Bath and North East Somerset

Bath and North East Somerset (commonly referred to as BANES or B&NES) is a unitary authority created on 1 April 1996, following the abolition of the County of Avon. Bath and North East Somerset occupies an area of 220 square miles (570 km2), two-thirds of which is green belt. BANES stretches from the outskirts of Bristol, south into the Mendip Hills and east to the southern Cotswold Hills and Wiltshire border. The city of Bath is the principal settlement in the district, but BANES also covers Keynsham, Midsomer Norton, Radstock and the Chew Valley. BANES has a population of 170,000, about half of whom live in Bath, making it 12 times more densely populated than the rest of the district.

Bath and North East Somerset has 663 Grade I listed buildings, one of the highest concentrations in the country, covered by about 100 English Heritage listings. The oldest sites within Bath are the Roman Baths, for which the foundation piles and an irregular stone chamber lined with lead were built during the Roman occupation of Britain, although the current building is from the 18th century. Bath Abbey was a Norman church built on earlier foundations, although the present building dates from the early 16th century and shows a late Perpendicular style with flying buttresses and crocketed pinnacles decorating a crenellated and pierced parapet. The medieval era is represented by the remains of the city walls in Upper Borough Walls.

Most of Bath's Grade I listed buildings are made from the local golden-coloured Bath Stone, and date from the 18th and 19th centuries.

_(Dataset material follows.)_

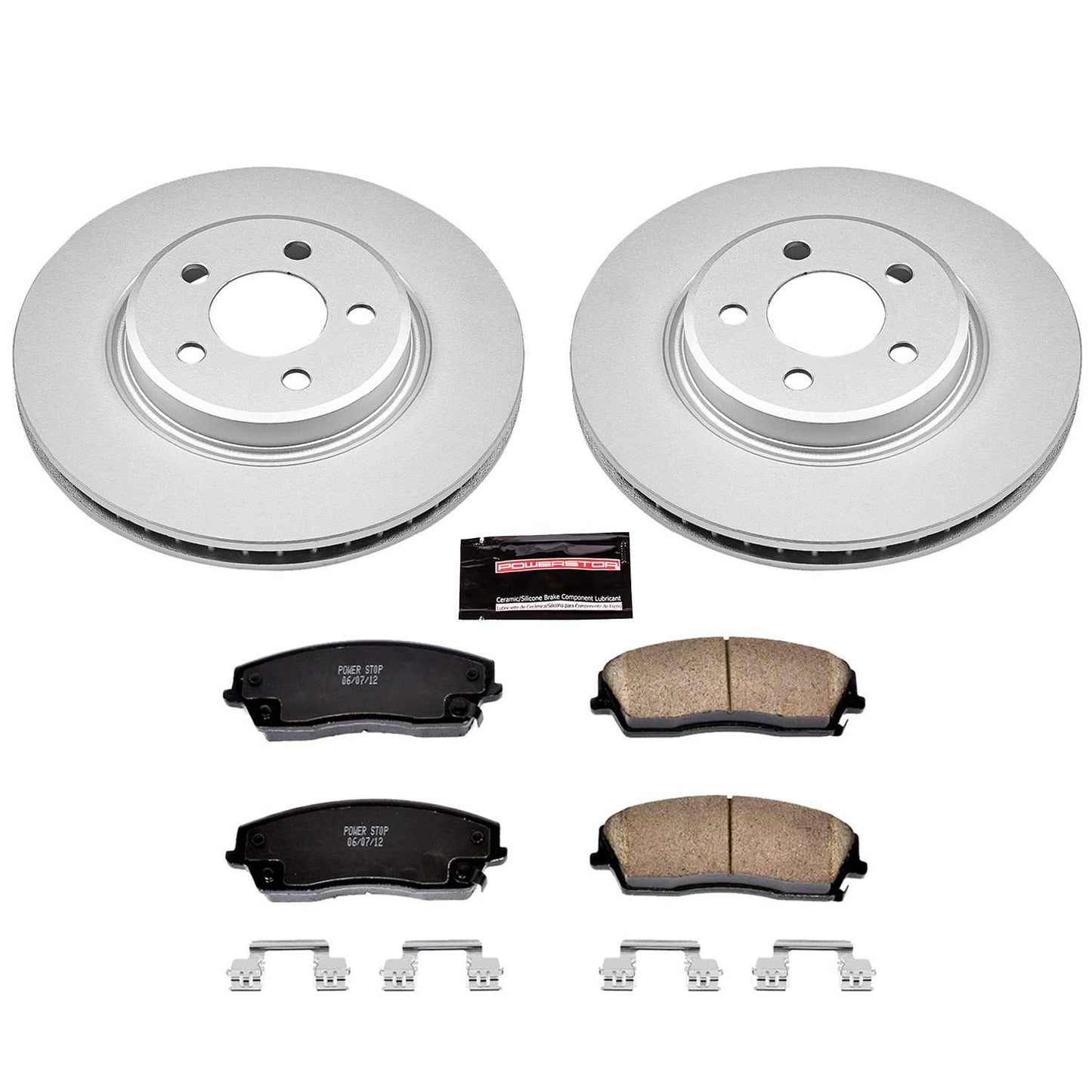 PowerStop Power Stop 05-19 Chrysler 300 Front Z17 Evolution Geomet Coated Brake Kit CRK1714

Their dominant architectural style is Georgian, which evolved from the Palladian revival style that became popular during the early 18th century. This led to the entire city's designation as a World Heritage Site.

Much of the development, and many of the buildings, were the vision of John Wood, the Elder. The Circus is seen as the pinnacle of Wood's work. It consists of three long, curved terraces that form a circular space or theatre intended for civic functions and games. The games give a clue to the design, the inspiration for which was the Colosseum in Rome. The best known of Bath's terraces is the Royal Crescent, built between 1767 and 1774 and designed by Wood's son, John Wood, the Younger. Around 1770 the neoclassical architect Robert Adam designed Pulteney Bridge, a three-arched bridge spanning the Avon. He used as his prototype an original, but unused, design by Palladio for the Rialto Bridge in Venice. The heart of the Georgian city was the Pump Room, which together with its associated Lower Assembly Rooms was designed by Thomas Baldwin, a local builder responsible for many other buildings in the city, including the terraces in Argyle Street. Great Pulteney Street, where Baldwin eventually lived, is another of his works: this wide boulevard, constructed c. 1789 and over 1,000 feet (305 m) long and 100 feet (30 m) wide, is lined on both sides by Georgian terraces.

Outside the city of Bath most of the Grade I listed buildings are Norman- or medieval-era churches. Manor houses such as Claverton Manor, which now houses the American Museum in Britain, and the 18th-century Newton Park, which has a landscape garden designed by Capability Brown, also appear in the list; Newton Park now forms part of the Bath Spa University. The most recent building is the agricultural Eastwood Manor Farm Steading, completed in 1860.